Young Airman Ralph Barrett had no idea what that strange looking part he had found in Memphis was, but it looked interesting so he picked it up and decided to hang onto it.
The part eventually made it to his tool box at home and remained there unseen for more than 40 years.
But according to Barrett, while cleaning out his tool box a couple of years ago, he saw the piece again and instantly remembered where it was from.
“I was in flight engineer school at the Tennessee Air National Guard in Memphis and one day in the mid-1960s I found this part laying on the ground there and thought ‘what in the world is this?'” Barrett said. “I just saw the word ‘primer’ was stamped on it and what did that mean?”
The B-17F Memphis Belle had been on display on the grounds of the Army National Guard Armory a few miles away and Air National Guardsmen would perform periodic maintenance on it, but Barrett wouldn’t make a connection between the part and the world-renowned aircraft until a few years ago when another B-17 flew into the Gallatin Airport, near Nashville, to sell rides to the public.
“That’s when I figured out what the thing really was,” said Barrett.
The part that Barrett had all these years turned out to be the Memphis Belle’s engine primer knob from the co-pilot’s side panel – something the National Museum of the U.S. Air Force had been searching for in their efforts to restore the aircraft. After seeing a documentary on the Memphis Belle on TV and doing more research online, Barrett learned that the museum was looking for original parts from the aircraft and made arrangements to turn the knob in to the museum.
According to the museum’s Restoration Chief Roger Deere, finding original parts for the Memphis Belle has been quite a challenge.
“It is rare to find original parts for World War II era aircraft, and even rarer for original parts to be returned on world famous aircraft such as the Memphis Belle,” said Deere, who is in need of many more original parts from the Memphis Belle, including the left-hand instrument panel and data plate. “We are extremely grateful to Mr.

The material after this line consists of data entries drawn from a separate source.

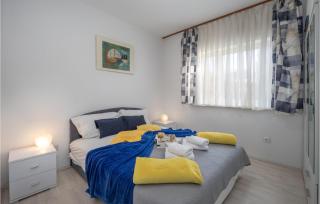 Nice Apartment In Malinska With Wifi - 3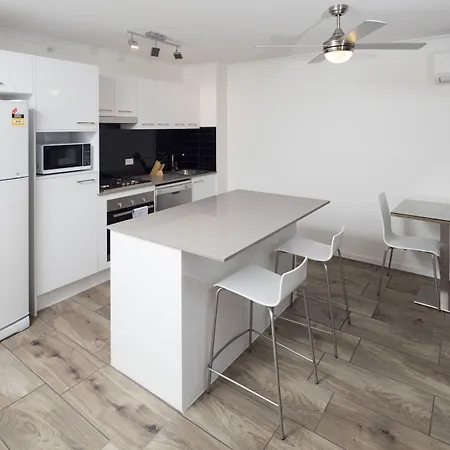 Aparthotel Direct Collective - Pavilion And Governor On Brookes 4*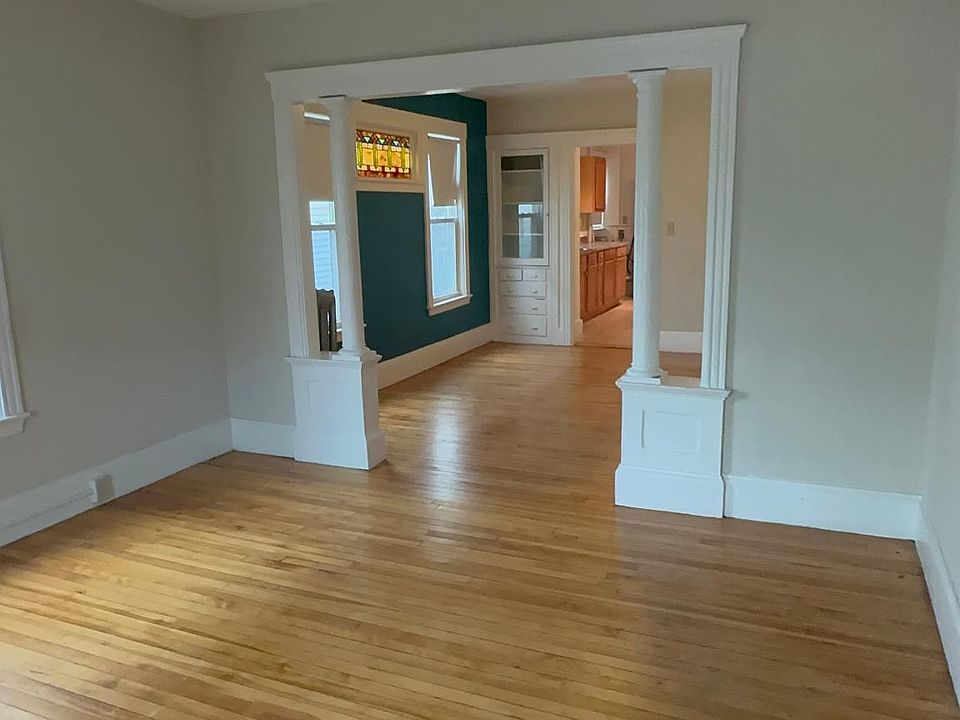 Entrance into living area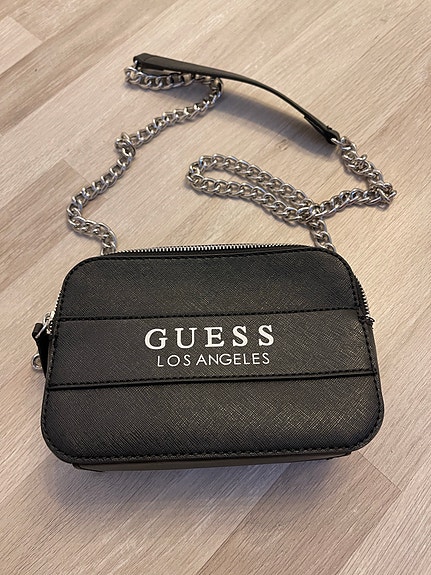 GUESS olkalaukku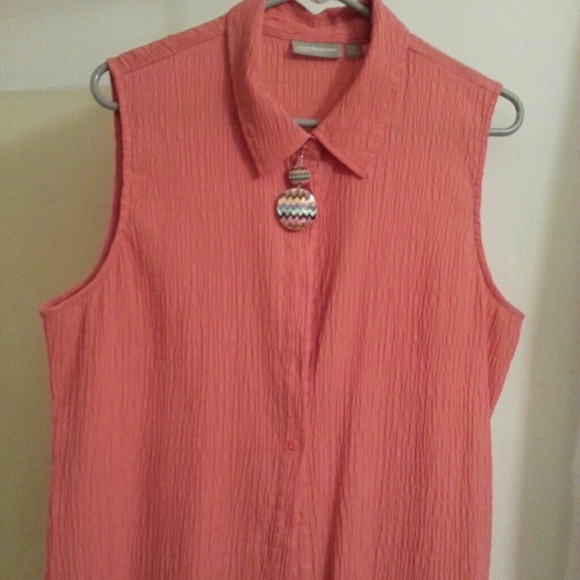 **S O L D**         Croft & Barrow Stretch Blouse
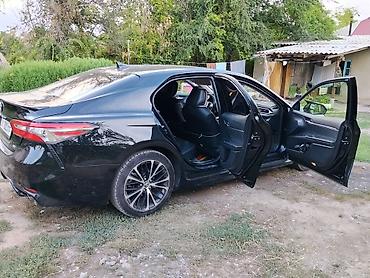 e38 bmw: Toyota Camry: 2018 г., Автомат, Бензин, Седан — 3
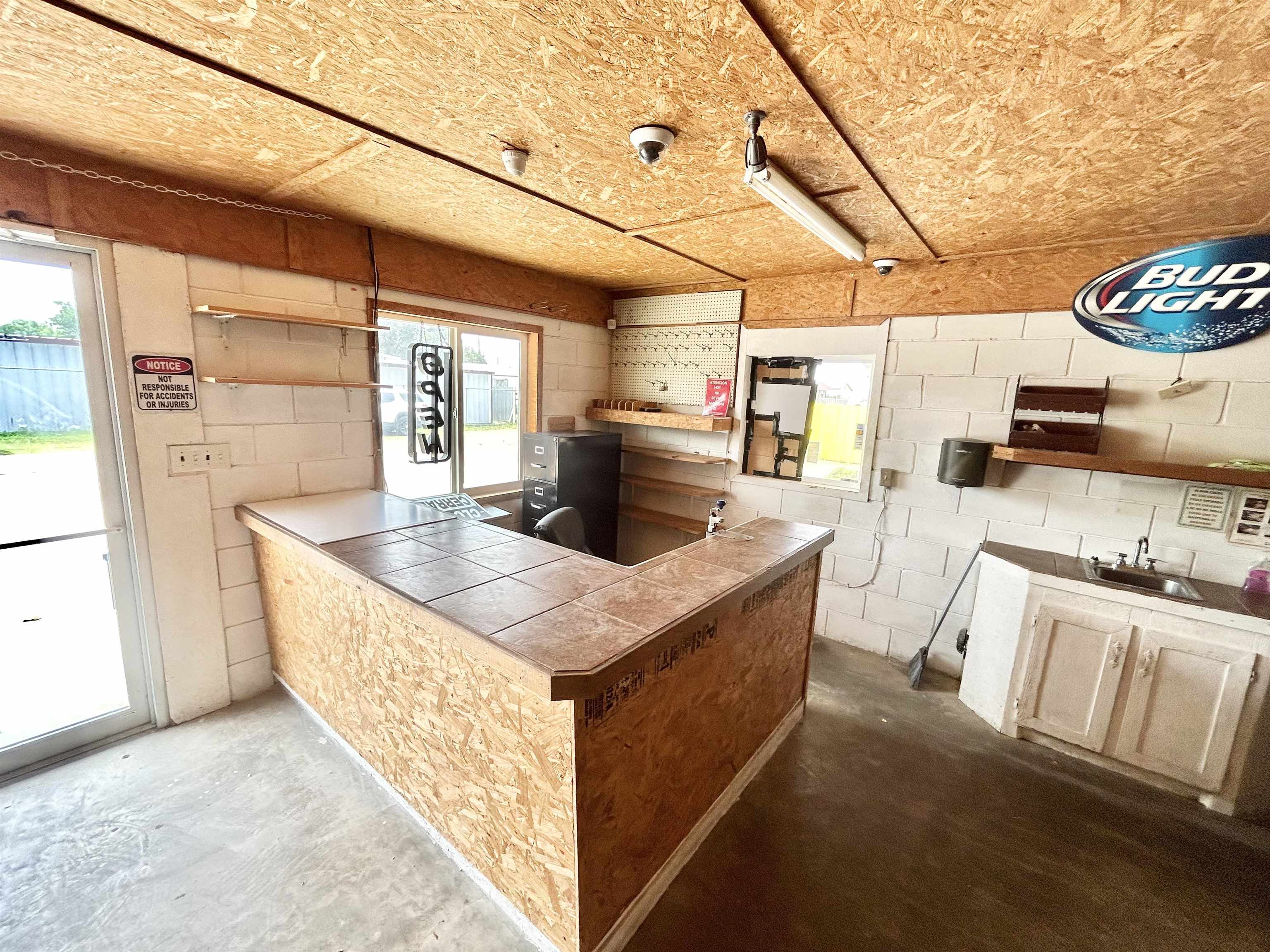 5331 Garry Ln. Property Photo 12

Barrett for returning the engine primer knob and would like to highly encourage others who have original Memphis Belle parts to return them as well.”
Both Deere and Barrett agree that these parts are out there and identifying them may be half the battle. Some may be forgotten or lying in one’s parents’ or grandparents’ attic, others sold in garage sales or even considered to be trash by those who are unaware of what the item really is.
For Barrett though, once he recognized what he had, it was just a matter of doing the right thing to help complete the restoration of the aircraft, and he urges others to do the same as well.
“What good is a part to somebody – it’s not like I’m going to put it on my car or my airplane or whatever,” Barrett said. “They just need to turn them in and keep the plane original.”